General CPU Performance
For “real world” testing I ran the 4790k through a few different benchmarks that average the overall performance of a PC. These tests take into account more than just CPU performance with things like memory bandwidth also contributing In Passmark 8 the difference between the 4790k and 4770k was only slight where each of the six core CPUs had consistent improvements each generation.
PCMark 7 favors single threaded performance over more cores and this was obvious with both the 4790k and 4770k numbers topping the chart. There is still a major jump in performance from the 4770k to the new 4790k though!
Lastly with PCMark 8, this is the first CPU that I am testing with so I didn’t have any comparison numbers at this time. I wanted to include them so you can test your own system for comparison. Future CPU reviews will have more results to compare the differences (with it replacing PCMark 7 in the future)
Specialty CPU Performance
These benchmarks are a little more focused and take a look at specific aspects of performance. For example the Cinebench benchmark is one of my favorite benchmarks because we can test overall performance as well as single core performance. This is great to be able to see because if you plan on running games or programs that are still single threaded you will never see the overall CPU performance of a 4 or 6 core CPU. Plus I am able to see what gives the highest single core performance. Currently the 4790k completely rocks this test by a large margin. Single core performance is a large jump over the 4770k and the total score is edging closer and closer to the performance numbers that the most recent 6 core CPUs put up as well.
wPrime is great for comparing pure CPU performance and is highly repeatable. The jump in performance compared to the 4770k is extremely impressive, pushing the 4790k past the 6 core 980X.
Lastly X264 HD tests encoding performance. The 4790k tops this chart because of its extremely high clock speed. This is a benchmark that favors clock speed over core count slightly, but as you can see the 4790k jumped past all three of the “modern” 6 cores from Intel in the second pass but the first pass favors multiple cores.

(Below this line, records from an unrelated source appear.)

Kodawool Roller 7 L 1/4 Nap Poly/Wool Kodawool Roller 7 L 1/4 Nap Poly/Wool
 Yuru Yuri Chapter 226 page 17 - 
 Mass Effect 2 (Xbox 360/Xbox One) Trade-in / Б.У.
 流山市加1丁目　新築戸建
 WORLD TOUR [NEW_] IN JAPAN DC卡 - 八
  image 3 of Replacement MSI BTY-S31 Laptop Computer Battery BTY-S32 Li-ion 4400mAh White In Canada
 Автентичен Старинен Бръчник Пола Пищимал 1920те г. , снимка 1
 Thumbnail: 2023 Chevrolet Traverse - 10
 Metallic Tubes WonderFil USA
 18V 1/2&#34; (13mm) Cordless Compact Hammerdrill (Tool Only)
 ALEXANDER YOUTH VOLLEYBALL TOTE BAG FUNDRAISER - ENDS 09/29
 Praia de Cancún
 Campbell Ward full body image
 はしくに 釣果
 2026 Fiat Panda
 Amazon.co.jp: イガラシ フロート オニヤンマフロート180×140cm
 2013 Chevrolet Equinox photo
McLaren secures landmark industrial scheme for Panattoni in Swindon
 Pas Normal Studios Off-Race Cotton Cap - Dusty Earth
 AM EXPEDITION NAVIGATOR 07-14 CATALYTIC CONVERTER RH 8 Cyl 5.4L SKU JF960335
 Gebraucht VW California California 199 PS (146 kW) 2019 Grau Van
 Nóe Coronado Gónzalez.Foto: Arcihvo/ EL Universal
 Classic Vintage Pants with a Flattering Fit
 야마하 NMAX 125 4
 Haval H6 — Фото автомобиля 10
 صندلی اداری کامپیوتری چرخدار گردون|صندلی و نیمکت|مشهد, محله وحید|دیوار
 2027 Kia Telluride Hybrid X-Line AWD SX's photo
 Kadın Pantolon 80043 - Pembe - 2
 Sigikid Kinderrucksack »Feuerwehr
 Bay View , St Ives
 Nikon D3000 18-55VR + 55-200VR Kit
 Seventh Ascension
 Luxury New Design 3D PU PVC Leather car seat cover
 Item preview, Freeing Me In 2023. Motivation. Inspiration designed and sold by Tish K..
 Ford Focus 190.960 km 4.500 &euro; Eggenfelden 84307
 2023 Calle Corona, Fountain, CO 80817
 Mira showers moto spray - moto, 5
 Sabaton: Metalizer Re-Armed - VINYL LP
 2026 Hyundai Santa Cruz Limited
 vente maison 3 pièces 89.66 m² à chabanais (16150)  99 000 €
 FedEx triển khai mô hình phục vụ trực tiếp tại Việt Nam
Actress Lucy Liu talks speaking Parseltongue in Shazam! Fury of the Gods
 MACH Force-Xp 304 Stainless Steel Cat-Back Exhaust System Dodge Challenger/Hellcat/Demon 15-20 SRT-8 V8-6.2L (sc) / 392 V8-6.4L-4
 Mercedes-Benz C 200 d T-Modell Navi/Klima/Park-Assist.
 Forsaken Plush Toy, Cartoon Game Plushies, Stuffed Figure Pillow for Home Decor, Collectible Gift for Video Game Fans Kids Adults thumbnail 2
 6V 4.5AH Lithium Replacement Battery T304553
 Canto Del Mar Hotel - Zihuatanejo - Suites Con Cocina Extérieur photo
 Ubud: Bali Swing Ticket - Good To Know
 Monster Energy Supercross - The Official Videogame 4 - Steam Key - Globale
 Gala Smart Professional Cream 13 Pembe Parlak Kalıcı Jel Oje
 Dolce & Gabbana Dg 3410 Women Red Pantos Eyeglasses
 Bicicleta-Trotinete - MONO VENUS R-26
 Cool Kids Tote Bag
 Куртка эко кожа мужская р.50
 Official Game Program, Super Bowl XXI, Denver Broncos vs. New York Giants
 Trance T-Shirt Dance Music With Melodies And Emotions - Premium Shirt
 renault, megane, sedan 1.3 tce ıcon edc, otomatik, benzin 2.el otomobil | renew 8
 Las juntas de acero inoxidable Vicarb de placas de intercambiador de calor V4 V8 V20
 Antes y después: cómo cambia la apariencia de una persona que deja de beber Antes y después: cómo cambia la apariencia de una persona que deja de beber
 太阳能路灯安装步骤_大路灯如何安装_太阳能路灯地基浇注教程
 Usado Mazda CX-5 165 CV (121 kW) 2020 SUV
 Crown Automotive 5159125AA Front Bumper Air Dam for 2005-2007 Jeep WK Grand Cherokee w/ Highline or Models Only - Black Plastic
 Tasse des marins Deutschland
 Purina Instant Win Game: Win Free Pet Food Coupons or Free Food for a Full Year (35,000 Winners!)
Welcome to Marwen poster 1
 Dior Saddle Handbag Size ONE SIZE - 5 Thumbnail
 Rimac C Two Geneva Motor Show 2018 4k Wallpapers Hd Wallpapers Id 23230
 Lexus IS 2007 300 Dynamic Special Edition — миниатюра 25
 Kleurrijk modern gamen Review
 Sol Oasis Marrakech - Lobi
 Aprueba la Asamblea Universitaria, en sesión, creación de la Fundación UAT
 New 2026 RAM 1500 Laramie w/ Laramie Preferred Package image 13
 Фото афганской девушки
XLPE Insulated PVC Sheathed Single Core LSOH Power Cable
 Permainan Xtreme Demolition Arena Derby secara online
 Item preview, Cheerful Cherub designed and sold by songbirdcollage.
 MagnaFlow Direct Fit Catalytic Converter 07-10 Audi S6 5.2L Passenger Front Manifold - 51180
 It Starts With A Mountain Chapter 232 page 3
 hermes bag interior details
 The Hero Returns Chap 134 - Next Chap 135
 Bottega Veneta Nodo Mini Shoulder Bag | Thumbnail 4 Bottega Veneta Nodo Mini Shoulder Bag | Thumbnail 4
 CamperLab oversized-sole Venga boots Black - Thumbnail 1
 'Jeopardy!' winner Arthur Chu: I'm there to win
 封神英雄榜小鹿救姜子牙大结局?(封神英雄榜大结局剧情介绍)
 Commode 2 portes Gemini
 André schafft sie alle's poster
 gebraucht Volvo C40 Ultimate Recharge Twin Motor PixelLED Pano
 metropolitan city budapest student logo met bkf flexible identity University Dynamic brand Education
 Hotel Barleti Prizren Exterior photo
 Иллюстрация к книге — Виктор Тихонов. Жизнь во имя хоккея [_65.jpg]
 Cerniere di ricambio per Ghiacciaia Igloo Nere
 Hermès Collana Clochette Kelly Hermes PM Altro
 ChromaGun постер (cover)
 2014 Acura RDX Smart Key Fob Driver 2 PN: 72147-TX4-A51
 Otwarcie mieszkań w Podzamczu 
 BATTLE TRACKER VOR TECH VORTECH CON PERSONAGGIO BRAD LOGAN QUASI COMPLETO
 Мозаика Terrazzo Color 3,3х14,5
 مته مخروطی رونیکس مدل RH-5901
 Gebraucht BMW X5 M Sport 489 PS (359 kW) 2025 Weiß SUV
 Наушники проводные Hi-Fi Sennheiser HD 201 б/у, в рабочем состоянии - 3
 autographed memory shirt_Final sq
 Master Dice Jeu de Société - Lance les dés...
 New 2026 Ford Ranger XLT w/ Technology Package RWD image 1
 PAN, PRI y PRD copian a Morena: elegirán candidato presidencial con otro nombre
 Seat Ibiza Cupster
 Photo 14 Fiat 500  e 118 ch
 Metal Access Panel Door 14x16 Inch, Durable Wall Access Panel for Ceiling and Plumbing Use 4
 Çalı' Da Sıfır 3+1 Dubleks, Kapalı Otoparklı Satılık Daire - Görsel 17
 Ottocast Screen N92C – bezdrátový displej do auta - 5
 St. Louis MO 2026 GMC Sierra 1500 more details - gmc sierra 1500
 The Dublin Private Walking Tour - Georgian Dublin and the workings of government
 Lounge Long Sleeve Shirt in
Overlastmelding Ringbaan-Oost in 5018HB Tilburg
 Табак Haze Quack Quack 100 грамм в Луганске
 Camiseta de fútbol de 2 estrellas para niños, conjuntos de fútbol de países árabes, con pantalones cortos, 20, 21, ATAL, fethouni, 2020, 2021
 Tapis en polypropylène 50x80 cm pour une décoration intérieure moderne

To see how the 4790k performs in game I ran through a variety of games as well as a 3DMark benchmark to round things out. Unlike in our video card reviews where I only use the graphics score to focus specifically on the video cards performance, for CPU testing I use the Physics result to focus on the CPU performance. In this case the 4790k performed well with a noticeable jump over the 4770k but the 3970X and 4960X still pull in noticeably higher scores due to their two additional cores.
In the rest of my gaming benchmarks the results are based on overall FPS with a GTX 780 installed. Not surprisingly in most of the tests the higher clock speed helped put the 4790k at the top of ¾ of the games. In Hitman: Absolution though they have obviously optimized things to support all 6 cores of the 4960X and 3970X.